- [Assignment] Would you retype the line that contains "ARIA Framework Architecture" and all lines following it to the end of the entries below, exactly and without pictures?

════════

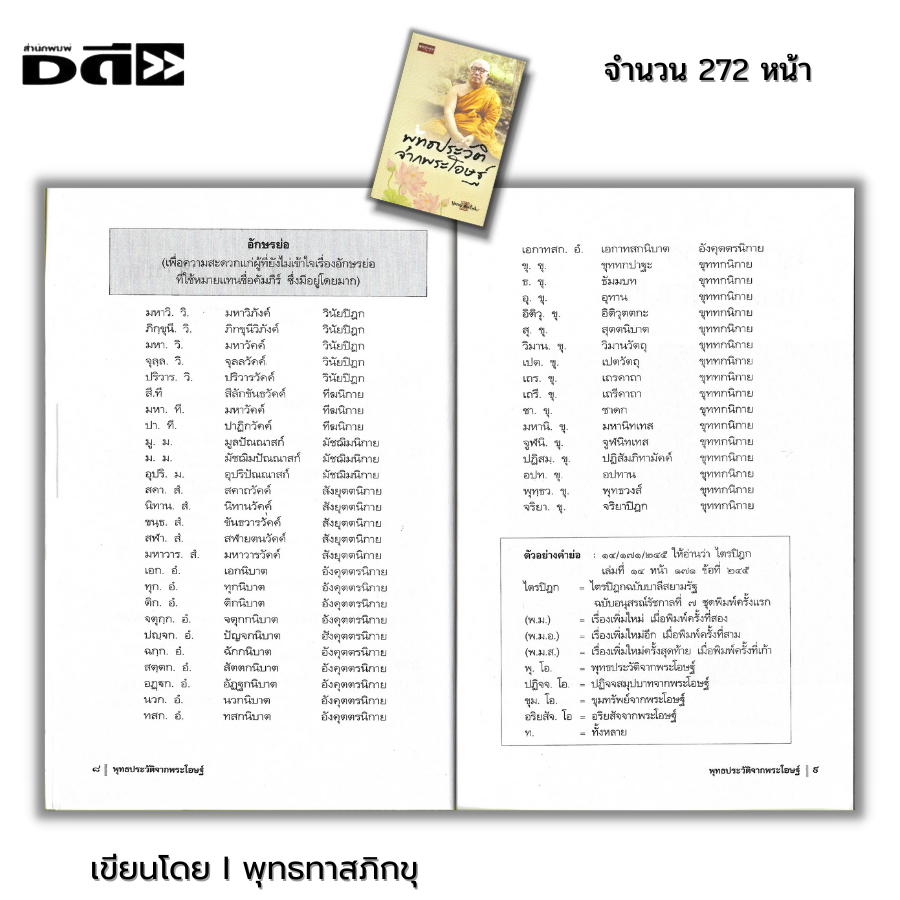 หนังสือ พุทธประวัติจากพระโอษฐ์ I เขียนโดย พุทธทาสภิกขุ ศาสนา ปรัชญา หลักธรรม การฝึกจิต ธรรมะ ธรรมบรรยาย พระธรรมโกศาจารย์ - รูปที่ 3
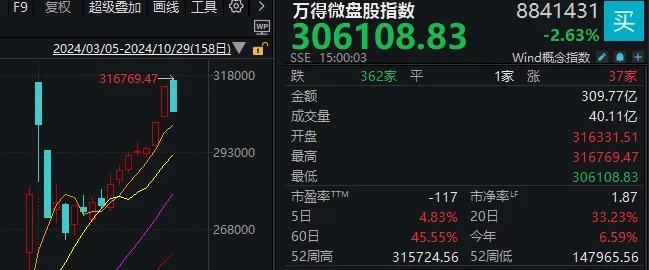 个股尾盘跳水何种信号_A股市场震荡行情_创业板指领跌板块分析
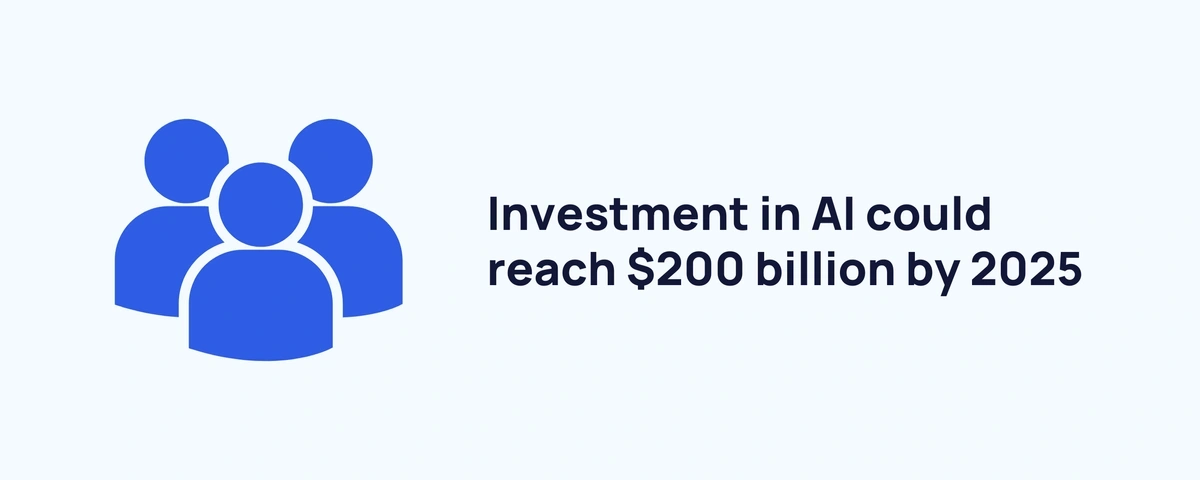 Generative AI market expected to reach $66.62 billion by end of 2024
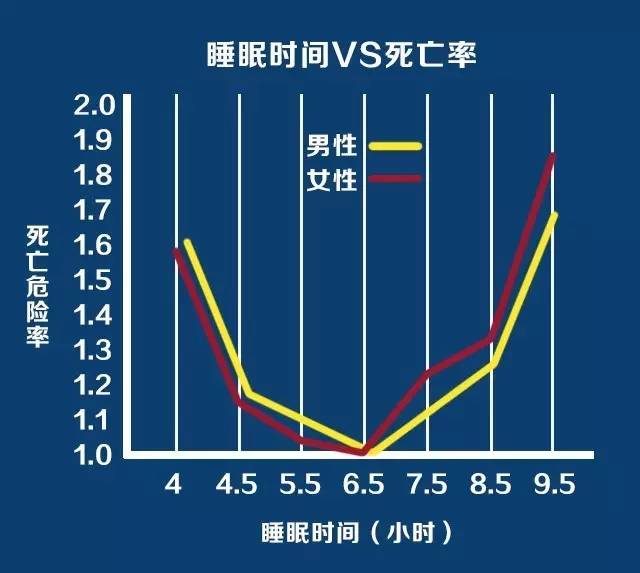 健康 | 会睡觉的人更长寿！一张“睡眠时间表”告诉你该睡多久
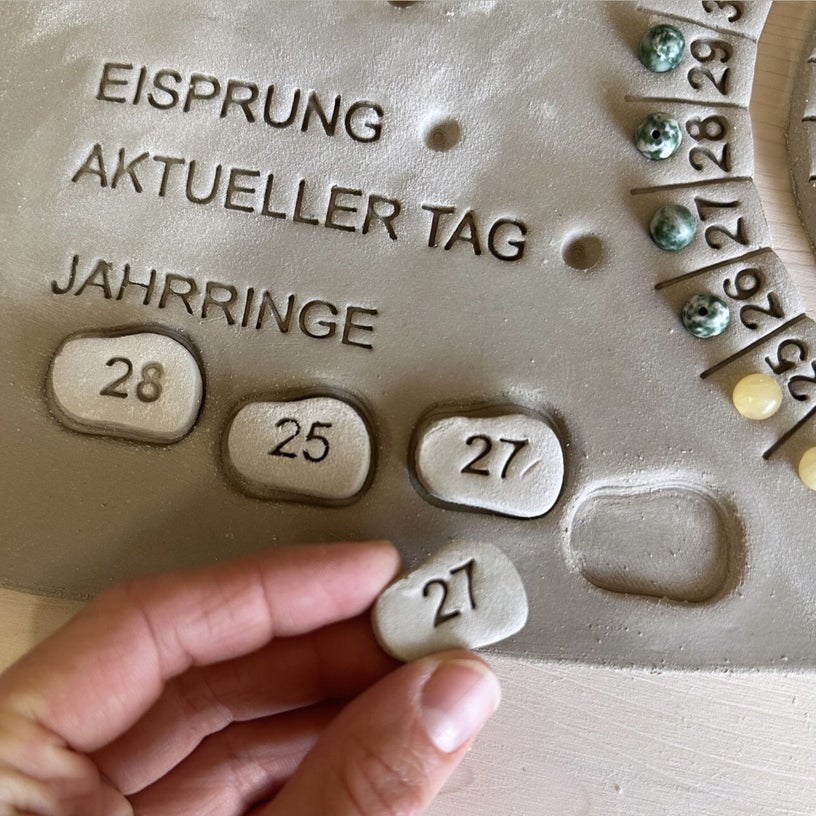 Dein Zyklusverlauf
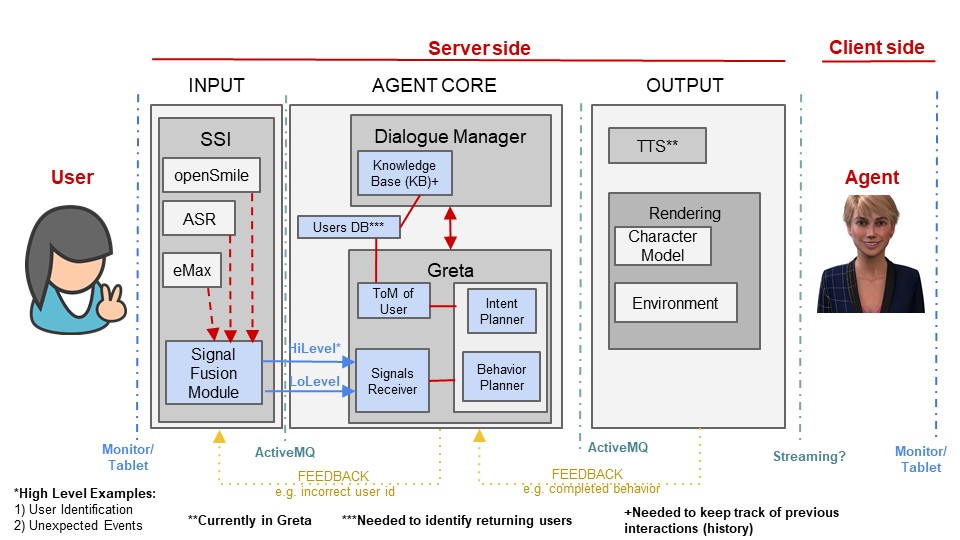 ARIA Framework Architecture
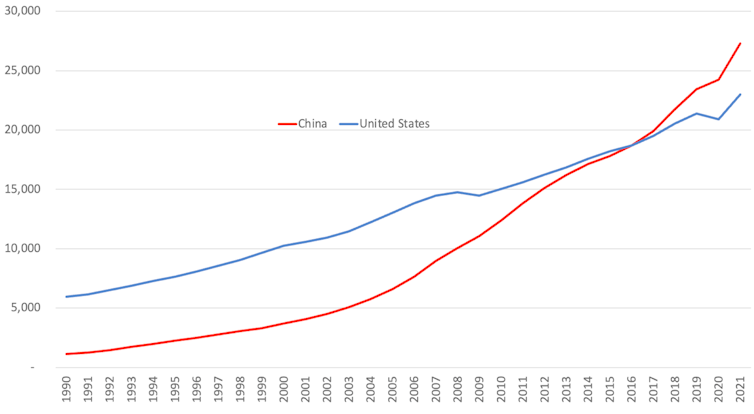 Graph showing Chinese and US GDP on a PPP basis.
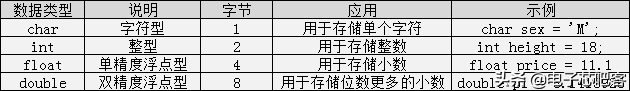 请收藏C语言最全入门笔记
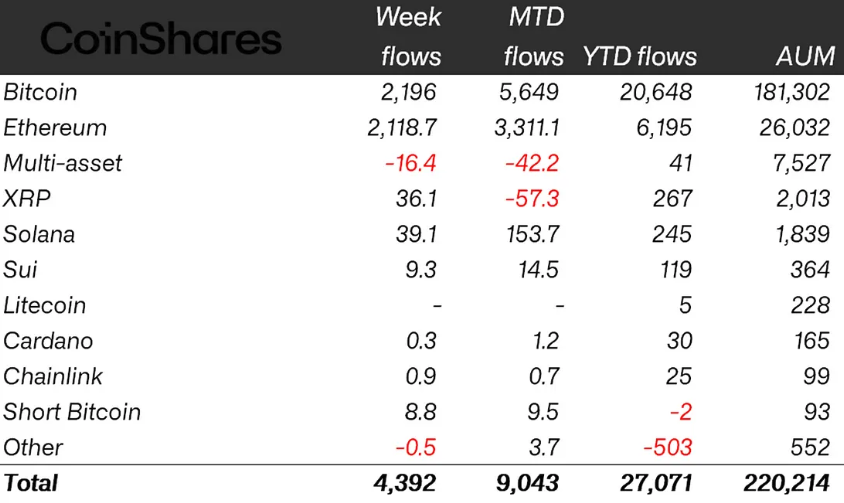 Coinshares, Ethereum ETF, Bitcoin ETF, BlackRock, ETF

════════

- [Output]
 ARIA Framework Architecture
 Graph showing Chinese and US GDP on a PPP basis.
 请收藏C语言最全入门笔记
 Coinshares, Ethereum ETF, Bitcoin ETF, BlackRock, ETF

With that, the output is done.